- **Exercise brief**:
Go to the line holding "Pavlos Motel 27/39" in the data below. Return it and each line after it through the last, exactly, and skip the pictures.

- **Captioned web images**:
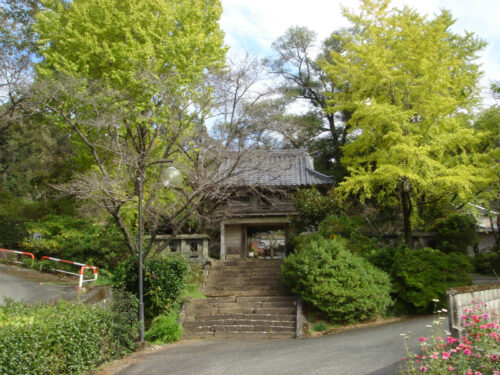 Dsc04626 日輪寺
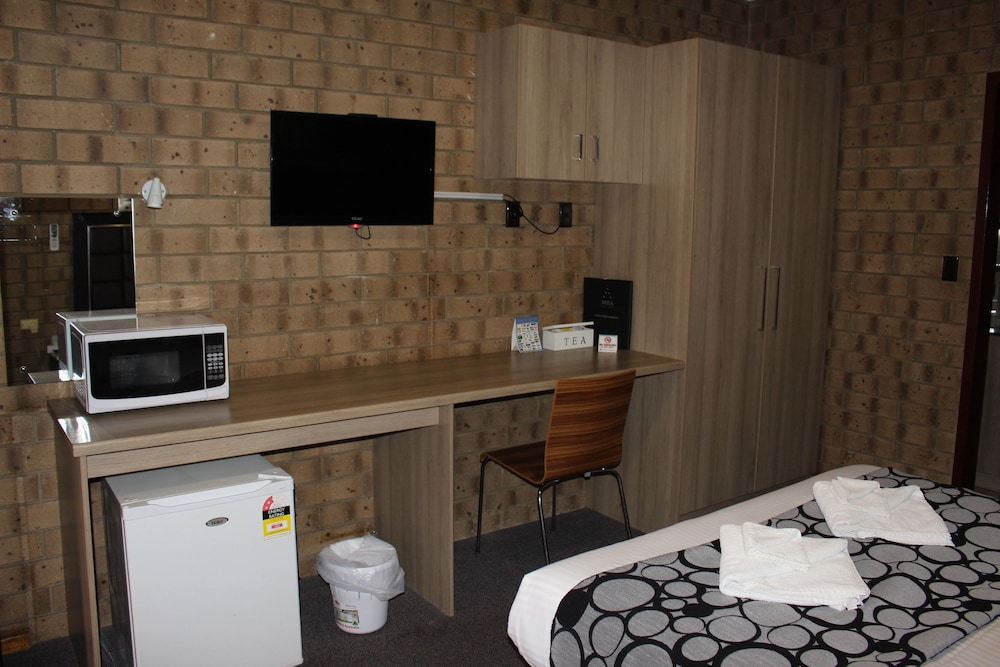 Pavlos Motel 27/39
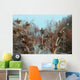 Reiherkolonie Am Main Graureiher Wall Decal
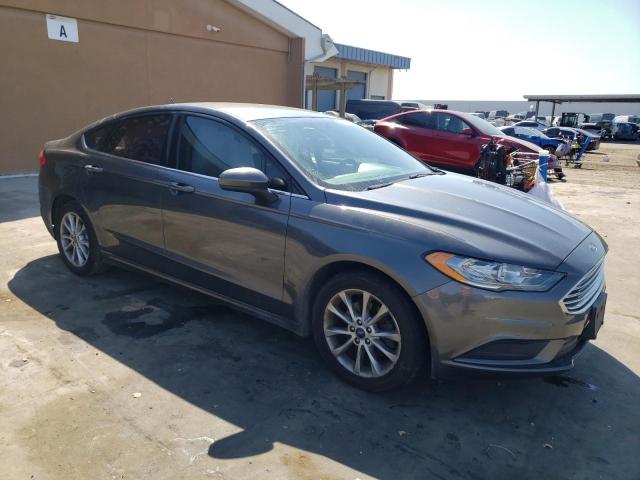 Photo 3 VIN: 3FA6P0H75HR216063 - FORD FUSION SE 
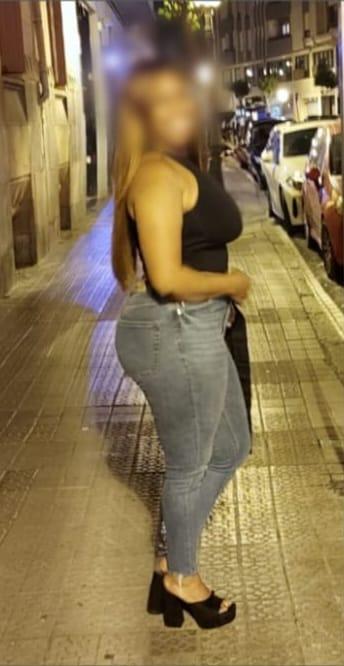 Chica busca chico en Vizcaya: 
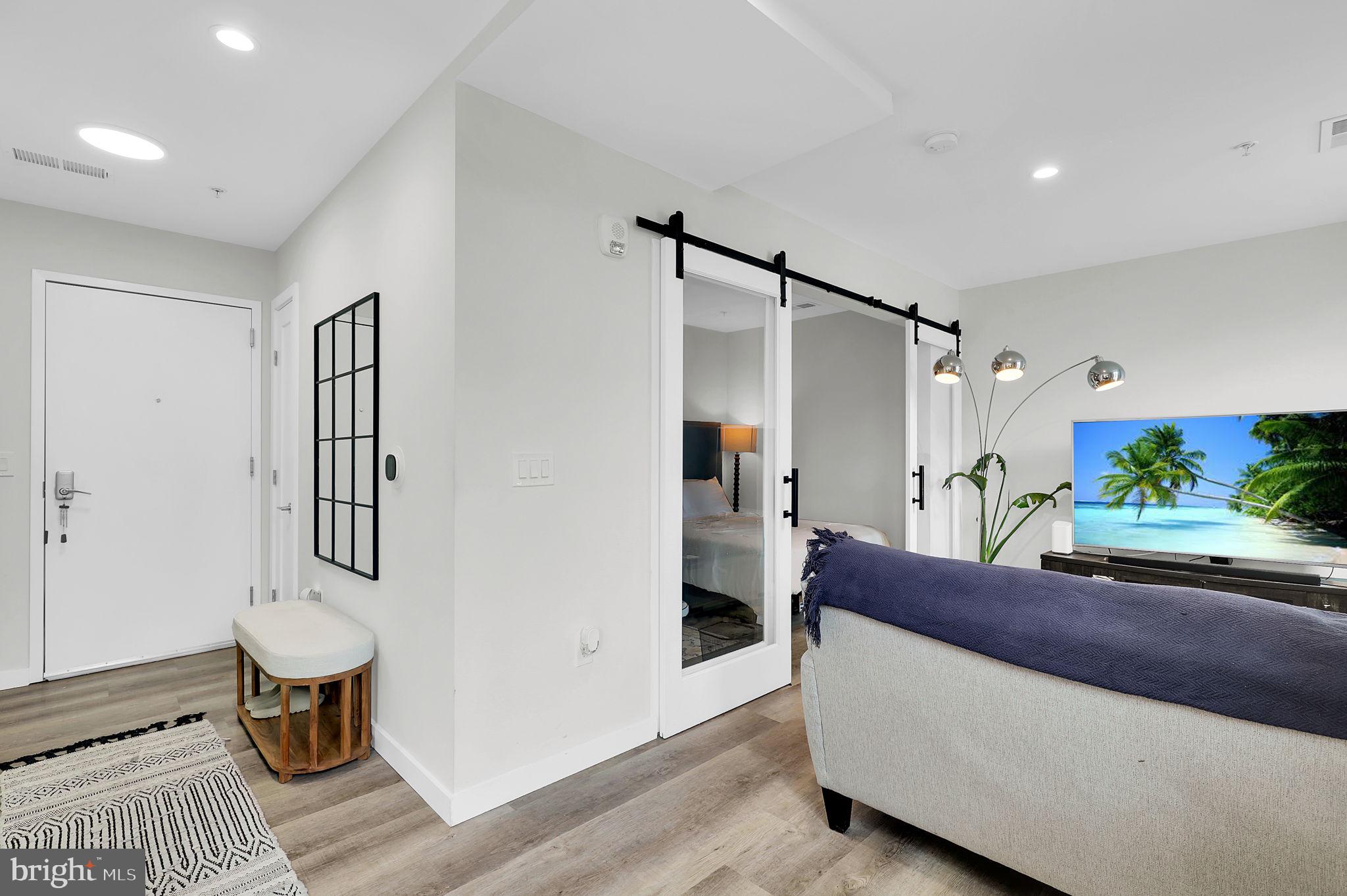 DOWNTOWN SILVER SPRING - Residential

- **Exercise result**:
 Pavlos Motel 27/39
 Reiherkolonie Am Main Graureiher Wall Decal
 Photo 3 VIN: 3FA6P0H75HR216063 - FORD FUSION SE 
 Chica busca chico en Vizcaya: 
 DOWNTOWN SILVER SPRING - Residential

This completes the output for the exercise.